Reproduce exactly, and only, the lines of the material below running from the line bearing "this 300×470 image." through the line bearing "this 1092×1092 image.". Leave any pictures out.

[Supplied material]
# # # #

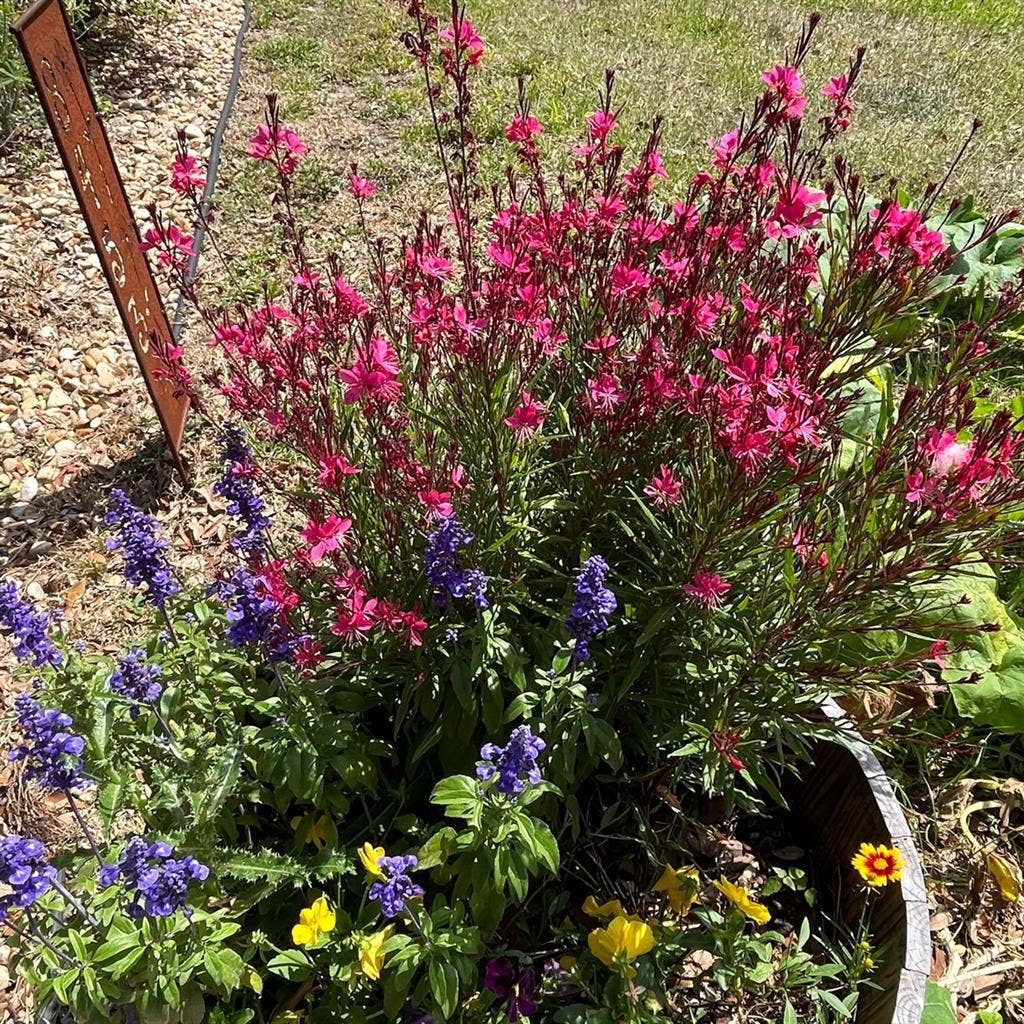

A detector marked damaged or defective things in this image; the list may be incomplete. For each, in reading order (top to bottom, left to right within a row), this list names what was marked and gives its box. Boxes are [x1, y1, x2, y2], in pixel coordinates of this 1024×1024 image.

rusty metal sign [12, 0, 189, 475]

# # # #

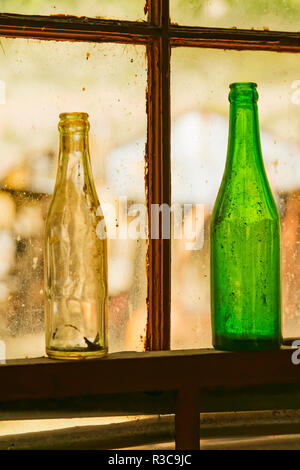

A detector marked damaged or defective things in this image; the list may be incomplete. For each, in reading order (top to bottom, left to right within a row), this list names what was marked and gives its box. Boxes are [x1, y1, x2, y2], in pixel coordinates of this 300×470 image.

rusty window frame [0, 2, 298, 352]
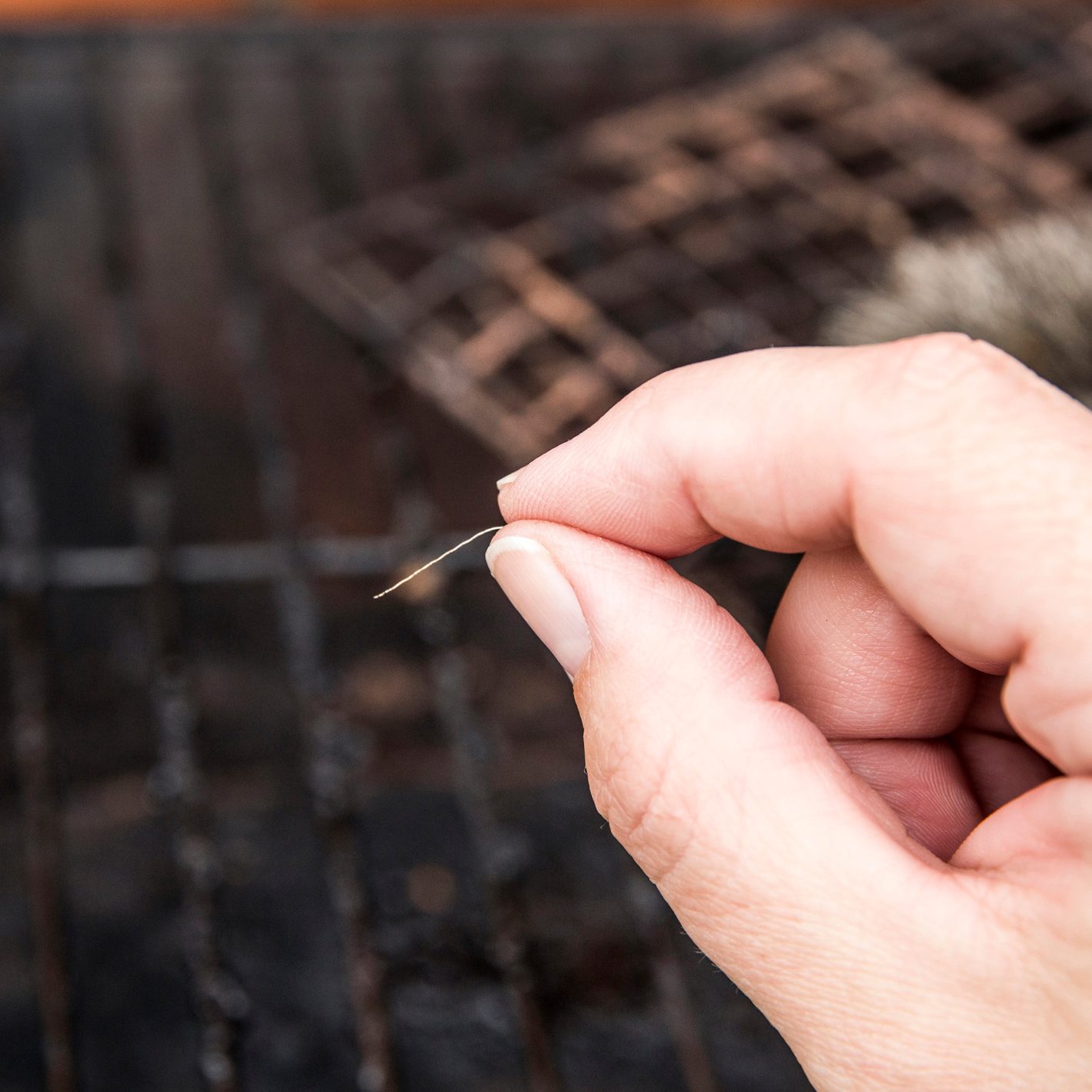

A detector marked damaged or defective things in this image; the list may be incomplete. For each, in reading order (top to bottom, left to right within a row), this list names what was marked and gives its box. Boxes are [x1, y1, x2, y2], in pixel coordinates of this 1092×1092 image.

# # # #

[Completed exercise]
A detector marked damaged or defective things in this image; the list may be incomplete. For each, in reading order (top to bottom, left to right within a row), this list names what was marked and gives its box. Boxes are [x1, y1, x2, y2], in pixel coordinates of this 300×470 image.

rusty window frame [0, 2, 298, 352]

A detector marked damaged or defective things in this image; the list may be incomplete. For each, in reading order (top to bottom, left to right within a row), this list names what was marked and gives its box. Boxes are [x1, y1, x2, y2], in pixel coordinates of this 1092×1092 image.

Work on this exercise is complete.